BEGIN GIVEN RECORDS

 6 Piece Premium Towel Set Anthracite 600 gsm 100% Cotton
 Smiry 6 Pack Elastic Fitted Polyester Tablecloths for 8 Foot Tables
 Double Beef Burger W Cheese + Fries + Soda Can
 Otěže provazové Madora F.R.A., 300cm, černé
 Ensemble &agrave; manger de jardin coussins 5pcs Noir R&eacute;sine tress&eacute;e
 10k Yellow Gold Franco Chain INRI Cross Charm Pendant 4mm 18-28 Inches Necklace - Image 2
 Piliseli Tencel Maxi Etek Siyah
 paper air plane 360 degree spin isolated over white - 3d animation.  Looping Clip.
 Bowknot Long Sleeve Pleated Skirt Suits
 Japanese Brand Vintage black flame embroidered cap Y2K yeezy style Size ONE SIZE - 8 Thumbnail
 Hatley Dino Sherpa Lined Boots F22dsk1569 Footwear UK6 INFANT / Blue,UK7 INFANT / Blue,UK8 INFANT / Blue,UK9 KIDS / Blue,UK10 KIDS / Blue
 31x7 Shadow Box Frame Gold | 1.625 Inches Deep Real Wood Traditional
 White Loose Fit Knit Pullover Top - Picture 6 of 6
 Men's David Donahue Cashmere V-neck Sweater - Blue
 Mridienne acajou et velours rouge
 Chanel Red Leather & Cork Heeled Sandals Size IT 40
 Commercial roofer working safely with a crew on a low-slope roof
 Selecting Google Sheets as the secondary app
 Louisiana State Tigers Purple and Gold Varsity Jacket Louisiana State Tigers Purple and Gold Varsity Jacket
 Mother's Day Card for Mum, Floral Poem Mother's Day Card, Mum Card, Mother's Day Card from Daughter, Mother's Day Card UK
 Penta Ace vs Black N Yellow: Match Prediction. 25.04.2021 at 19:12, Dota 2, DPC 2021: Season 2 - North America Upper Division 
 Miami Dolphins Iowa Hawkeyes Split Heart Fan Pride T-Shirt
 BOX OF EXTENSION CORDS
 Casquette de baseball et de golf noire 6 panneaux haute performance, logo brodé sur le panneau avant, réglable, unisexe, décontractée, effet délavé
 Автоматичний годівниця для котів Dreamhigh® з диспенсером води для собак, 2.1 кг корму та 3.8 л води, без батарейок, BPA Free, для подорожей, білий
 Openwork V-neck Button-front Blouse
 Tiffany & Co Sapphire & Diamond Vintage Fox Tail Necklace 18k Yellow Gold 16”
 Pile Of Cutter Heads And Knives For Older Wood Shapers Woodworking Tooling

END GIVEN RECORDS

(AIM OF THE EXERCISE):
Each line above should appear again, reproduced exactly.

(RESULT):
 6 Piece Premium Towel Set Anthracite 600 gsm 100% Cotton
 Smiry 6 Pack Elastic Fitted Polyester Tablecloths for 8 Foot Tables
 Double Beef Burger W Cheese + Fries + Soda Can
 Otěže provazové Madora F.R.A., 300cm, černé
 Ensemble &agrave; manger de jardin coussins 5pcs Noir R&eacute;sine tress&eacute;e
 10k Yellow Gold Franco Chain INRI Cross Charm Pendant 4mm 18-28 Inches Necklace - Image 2
 Piliseli Tencel Maxi Etek Siyah
 paper air plane 360 degree spin isolated over white - 3d animation.  Looping Clip.
 Bowknot Long Sleeve Pleated Skirt Suits
 Japanese Brand Vintage black flame embroidered cap Y2K yeezy style Size ONE SIZE - 8 Thumbnail
 Hatley Dino Sherpa Lined Boots F22dsk1569 Footwear UK6 INFANT / Blue,UK7 INFANT / Blue,UK8 INFANT / Blue,UK9 KIDS / Blue,UK10 KIDS / Blue
 31x7 Shadow Box Frame Gold | 1.625 Inches Deep Real Wood Traditional
 White Loose Fit Knit Pullover Top - Picture 6 of 6
 Men's David Donahue Cashmere V-neck Sweater - Blue
 Mridienne acajou et velours rouge
 Chanel Red Leather & Cork Heeled Sandals Size IT 40
 Commercial roofer working safely with a crew on a low-slope roof
 Selecting Google Sheets as the secondary app
 Louisiana State Tigers Purple and Gold Varsity Jacket Louisiana State Tigers Purple and Gold Varsity Jacket
 Mother's Day Card for Mum, Floral Poem Mother's Day Card, Mum Card, Mother's Day Card from Daughter, Mother's Day Card UK
 Penta Ace vs Black N Yellow: Match Prediction. 25.04.2021 at 19:12, Dota 2, DPC 2021: Season 2 - North America Upper Division 
 Miami Dolphins Iowa Hawkeyes Split Heart Fan Pride T-Shirt
 BOX OF EXTENSION CORDS
 Casquette de baseball et de golf noire 6 panneaux haute performance, logo brodé sur le panneau avant, réglable, unisexe, décontractée, effet délavé
 Автоматичний годівниця для котів Dreamhigh® з диспенсером води для собак, 2.1 кг корму та 3.8 л води, без батарейок, BPA Free, для подорожей, білий
 Openwork V-neck Button-front Blouse
 Tiffany & Co Sapphire & Diamond Vintage Fox Tail Necklace 18k Yellow Gold 16”
 Pile Of Cutter Heads And Knives For Older Wood Shapers Woodworking Tooling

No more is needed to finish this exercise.